I opened up The Age newspaper today (yes, the dead tree version), to find a double spread promoting ‘Designed by Apple in California’.
It’s the picture of divine innocence. A young girl lying in bed bathed in light from a tablet she holds above her. The accompanying text reflects on the ‘experience of the product’ and the discipline exercised by ‘engineers, artists, craftsmen and inventors’ to ensure that Apple products enhance that experience.
The latest Apple advertising campaign involves a commitment to sign its products ‘Designed by Apple in California’.
There are two elements worth noting in this attribution.
First, it specifies California rather than USA. With the upcoming Steve Jobs biopics, this may be to draw on the romance of free-wheeling Silicon Valley as a cradle of digital invention. It potentially helps counter with any resentment at US monopolies on soft and hardware patents.
Second, it is more common to identify where a product is made, rather than designed. The question of where Apple products are made has been the source of some anxiety, as it has been revealed these treasured devices involve considerable exploitation of workers in Southern China.
It’s about design, not manufacture. Design takes on the responsibility of production by becoming a craft, a focused exercise towards the achievement of a singular goal.

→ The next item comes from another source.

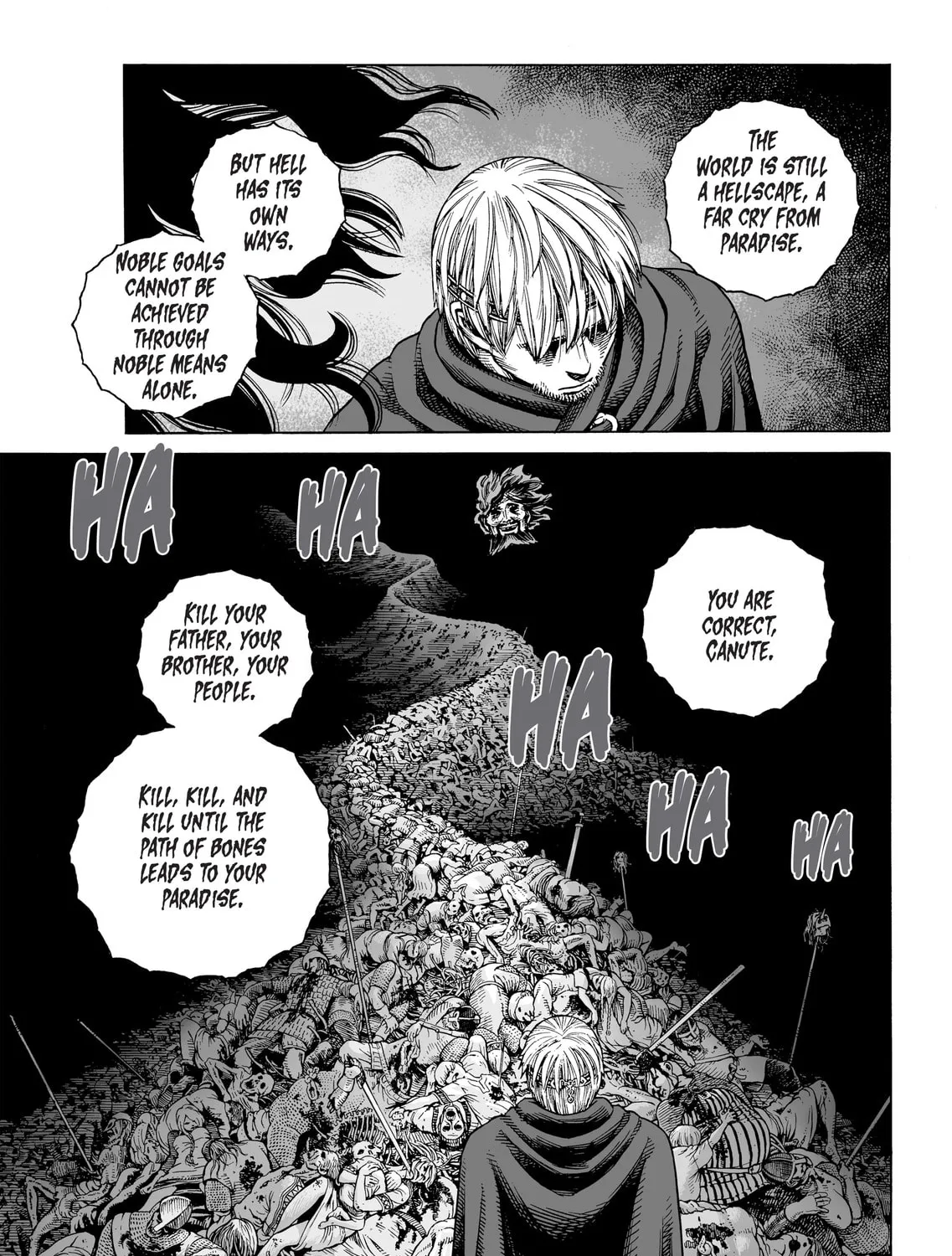 Read Vinland Saga chapter 94 image 12 on Lezhin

Control is everything to Apple. Compared to other platforms, it strictly regulates access to its system by other hardware or software providers. Its power is to say ‘no’. While a quintessential feature of modernist design, this control can come at the expense of serendipity, when bold invention comes from trusting in chance.
Apple says no. One of the richest corporations in the world has no featured philanthropic program. Now it attempts to repress the nature of its outsourcing of manufacture. Can they really call themselves craftsmen?